# Work order
Please repeat, from the entries that follow, the lines from the one containing "ワンホンネイル(ワンホン/中国ネイル/中華ネイル)/ガラスフレンチの" through the one containing "BRIDELLA BHP266 Silvery" exactly, adding nothing.

Start of Material provided

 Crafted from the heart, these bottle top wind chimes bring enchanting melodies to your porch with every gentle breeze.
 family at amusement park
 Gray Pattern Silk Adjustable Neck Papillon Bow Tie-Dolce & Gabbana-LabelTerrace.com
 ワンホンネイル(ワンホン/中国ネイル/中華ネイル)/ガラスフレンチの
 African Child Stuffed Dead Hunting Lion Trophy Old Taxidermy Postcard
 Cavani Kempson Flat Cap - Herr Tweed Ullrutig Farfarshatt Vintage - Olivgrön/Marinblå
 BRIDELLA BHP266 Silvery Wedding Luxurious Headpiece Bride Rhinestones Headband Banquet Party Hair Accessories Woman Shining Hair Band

End of Material provided
Start of Material provided

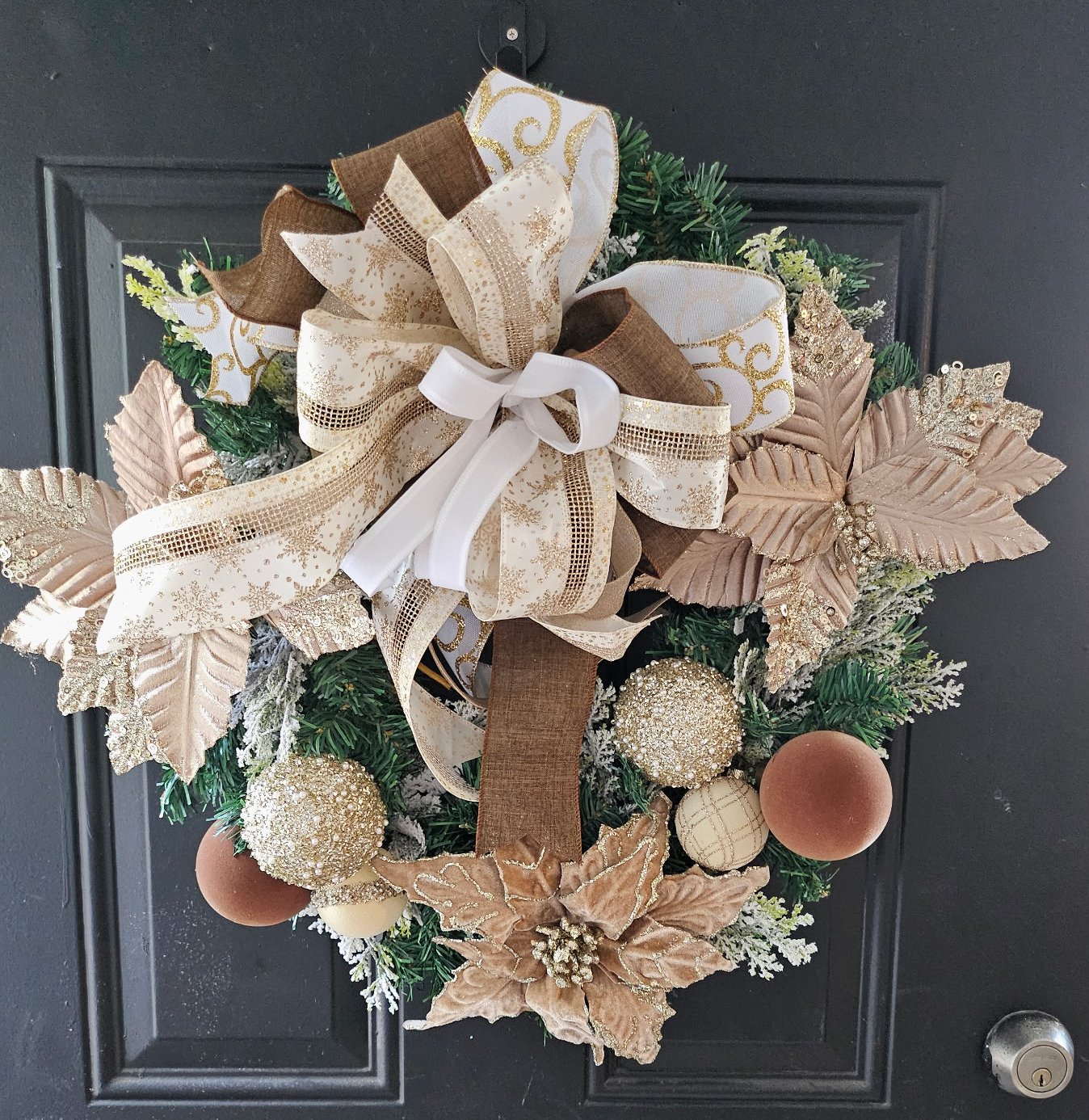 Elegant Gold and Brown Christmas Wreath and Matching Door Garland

End of Material provided
Start of Material provided

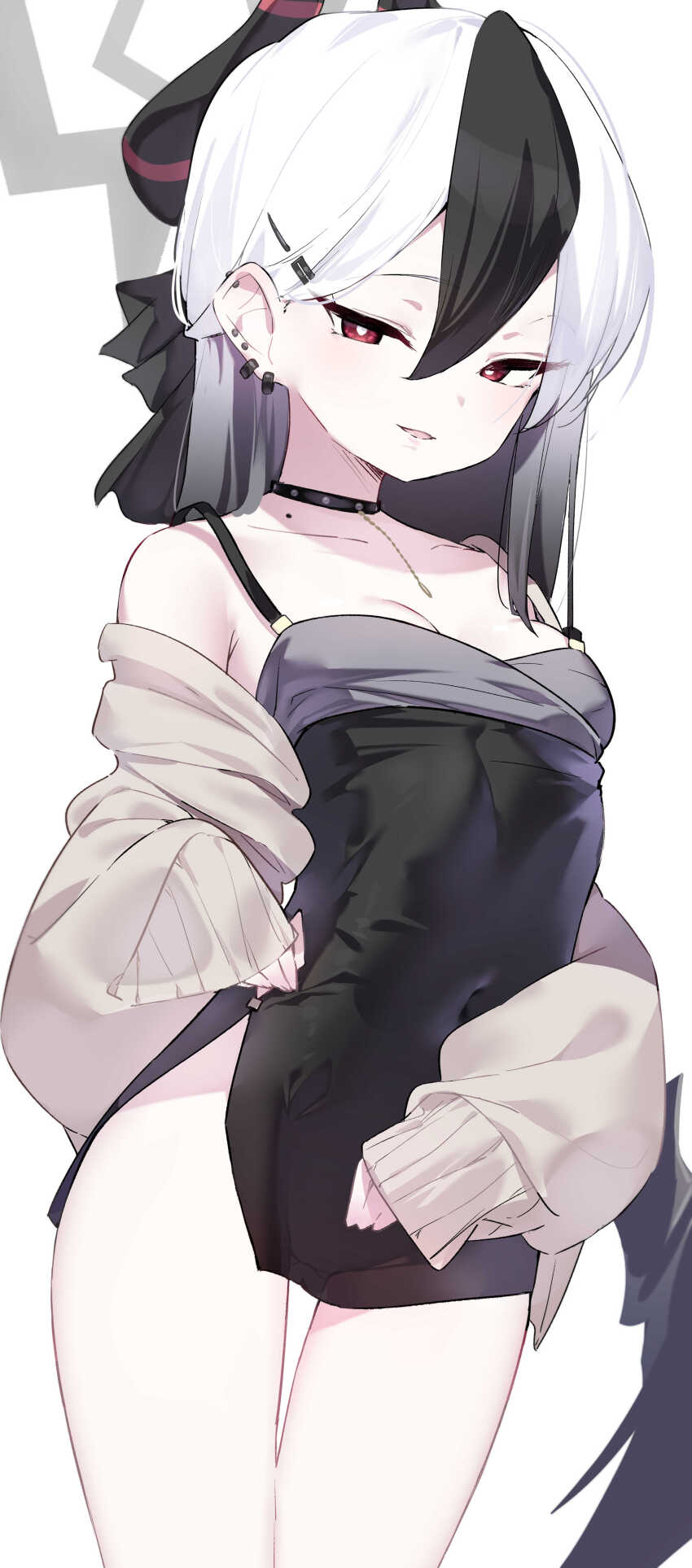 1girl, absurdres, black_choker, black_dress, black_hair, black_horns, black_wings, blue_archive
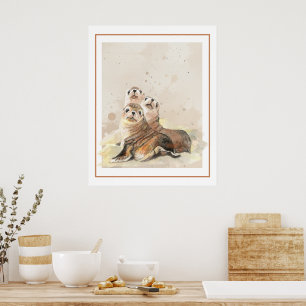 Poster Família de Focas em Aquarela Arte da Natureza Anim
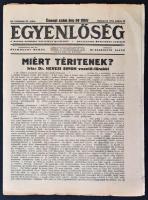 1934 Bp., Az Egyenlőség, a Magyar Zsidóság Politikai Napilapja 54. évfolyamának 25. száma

End of Material provided

# Result for this task
 ワンホンネイル(ワンホン/中国ネイル/中華ネイル)/ガラスフレンチの
 African Child Stuffed Dead Hunting Lion Trophy Old Taxidermy Postcard
 Cavani Kempson Flat Cap - Herr Tweed Ullrutig Farfarshatt Vintage - Olivgrön/Marinblå
 BRIDELLA BHP266 Silvery Wedding Luxurious Headpiece Bride Rhinestones Headband Banquet Party Hair Accessories Woman Shining Hair Band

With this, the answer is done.